Hamid Mir (left) was the last journalist to speak with Osama bin Laden -- in December 2001 -- before the Al-Qaeda leader disappeared underground.
Hamid Mir (left) was the last journalist to speak with Osama bin Laden -- in December 2001 -- before the Al-Qaeda leader disappeared underground.
Hamid Mir is a Pakistani journalist who first achieved global fame for his multiple interviews with Osama bin Laden. H was the last journalist to speak with bin Laden, in December 2001, before the Al-Qaeda leader disappeared underground.

Today, Mir works as a news anchor at the private Pakistani TV network GEO, where he hosts a popular political talk show named "Capital Talk." He spoke with RFE/RL's Muhammad Tahir.

RFE/RL: What does the killing of Osama bin Laden mean for the war on terror ?

Hamid Mir:
I think that this news about the killing of Osama bin Laden is the biggest story of the year 2011. It was a great surprise for most of the Pakistanis that Osama bin Laden, the world's most-wanted person, was hiding in a city which is just 60 kilometers away from the Pakistani city of Islamabad.

RFE/RL: So what does this mean for the future of Al-Qaeda? Who is the most likely candidate to replace bin Laden?

Mir:
I think most of the people are of the view that Dr. Ayman al-Zawahri is the No. 2 in Al-Qaeda. I don't think so. Mr. al-Zawahri is no more the No. 2 in Al-Qaeda. According to my information, the operations of Al-Qaeda were taken over by Saif-ul-Adil and Abu Hafsa al- Mauritani. These are the two important people in Al-Qaeda after the assassination of Osama bin Laden.

Yes, bin Laden is dead, but Al-Qaeda and its allies are not dead, and their biggest strength is the hatred against America in many parts of the world, including Afghanistan and Pakistan.
And I think that Osama bin Laden is dead, but Al-Qaeda and its allies are still not dead. Immediately after...the killing of Osama bin Laden there was a big bomb blast in the Pakistani city of Charsada, which is in the Khyber Pakhtunkhwa Province. Many people were killed.

Now I think that Al-Qaeda and the Taliban will try to take revenge [on] Pakistan because they believe that the Pakistani security forces provided some cooperation to the Americans.

RFE/RL: From the outside, though, it really does look as though the Pakistanis didn't have advance knowledge of the operation and don't seem to have been involved in it. And then there is the simple fact that bin Laden was hiding in Pakistan. How is this going to affect Pakistani-U.S. relations?

Mir:
According to my information, the Pakistani intelligence [service] provided and shared information about the possible presence of Osama bin Laden in that area first of all in May 2010 and again they provided that information to the Americans in August 2010. And I think that on the basis of that information the Americans were able to track down the hideout of Osama bin Laden.

Yes, they [the United States] never provided prior information about this particular operation.

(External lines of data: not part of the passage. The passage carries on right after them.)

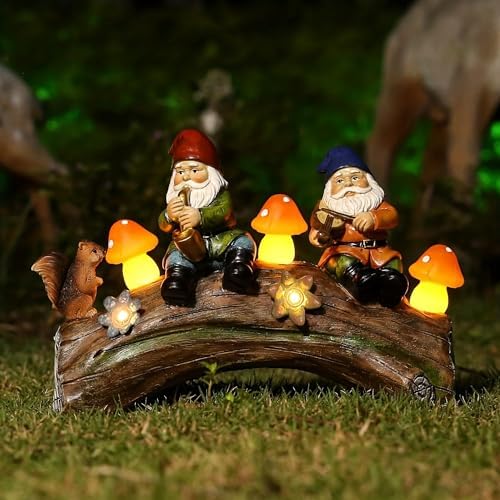 Funny Garden Gnome Statue with Solar Mushroom Light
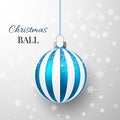 Blue Christmas ball with snow effect. Xmas glass ball on transparent background. Holiday decoration template. Vector illustration Royalty Free Stock Photo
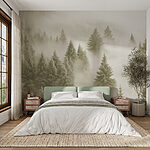 Wall mural Group of trees in the fog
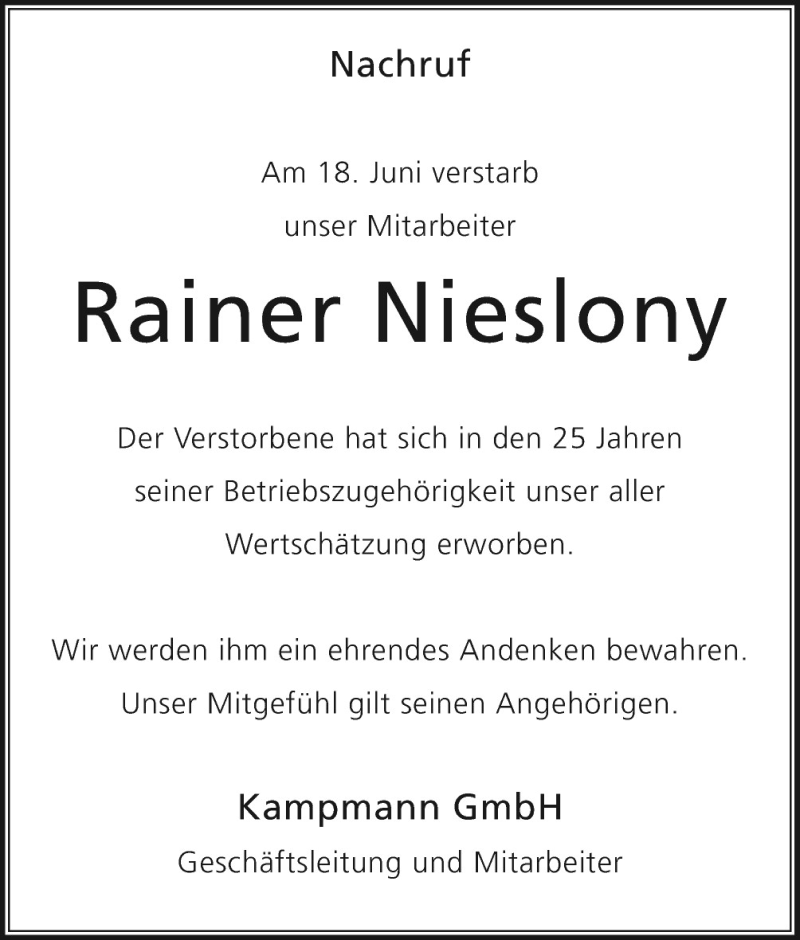 Traueranzeigen Von Rainer Nieslony Noz Trauerportal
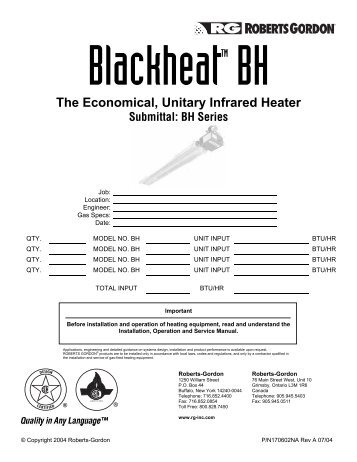 BH Series - Roberts Gordon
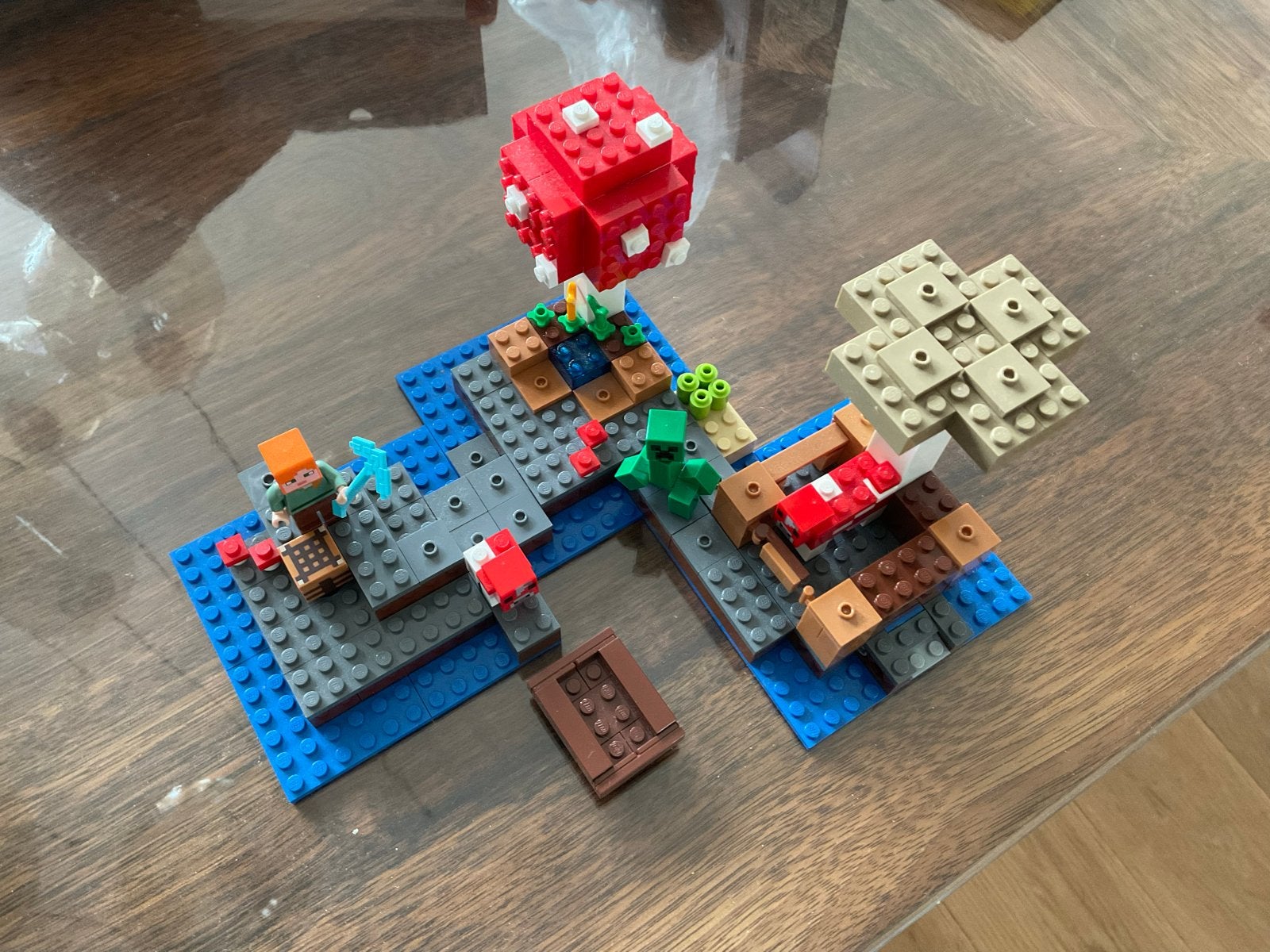 LEGO Minecraft De IJzergolem en De Paddestoel 21129 21123, Ophalen of Verzenden, Gebruikt, Overige merken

They never informed the Pakistani security forces about this operation, which was conducted this morning. But I have very confirmed and credible information that the Pakistani agencies shared the information with the Americans about bin Laden in August 2010 and that information actually helped [the] Americans to further find out the hideout of bin Laden.

RFE/RL: How will his killing affect Taliban activities in the region, particularly in Afghanistan and the tribal regions of Pakistan?

Mir:
Certainly this is a big blow to Al-Qaeda and the Taliban because Osama bin Laden was not very active in the last couple of years. But certainly he was a symbol of resistance against America. So his physical elimination is certainly a big setback.

Yes, bin Laden is dead, but Al-Qaeda and its allies are not dead, and their biggest strength is the hatred against America in many parts of the world, including Afghanistan and Pakistan.

Now is the time that the Americans should give some serious consideration that the physical elimination is OK. They have eliminated bin Laden physically but now they must try to eliminate his political philosophy through some political actions.

RFE/RL: How is this going to affect the image of Pakistan? Pakistan's leaders always denied any knowledge of bin Laden's whereabouts, yet now we discover that he was living in an area close to sensitive military installations deep inside the country. Won't this confirm many suspicions that the Pakistani government has been playing a double game?

Mir:
I think that it was the Pakistani intelligence which actually provided information to the Americans and these types of things cannot be discussed in [the] media. When the U.S. media was saying that he is hiding in Pakistan and at that time [the] Pakistani side was saying, "OK, if you have information, then provide that information to us and we will take action." But there was some misunderstanding.

But right from the arrest of Abu Zubaydah and the arrest of Khalid Sheikh Mohammed and from the arrest of Ramzi Bin al-Shibh, and now the elimination of bin Laden -- every target was achieved by the active help of Pakistanis and now the Americans should not doubt about the intentions of their Pakistani counterparts. If they are to improve further relations between Pakistan and America, they have to trust each other.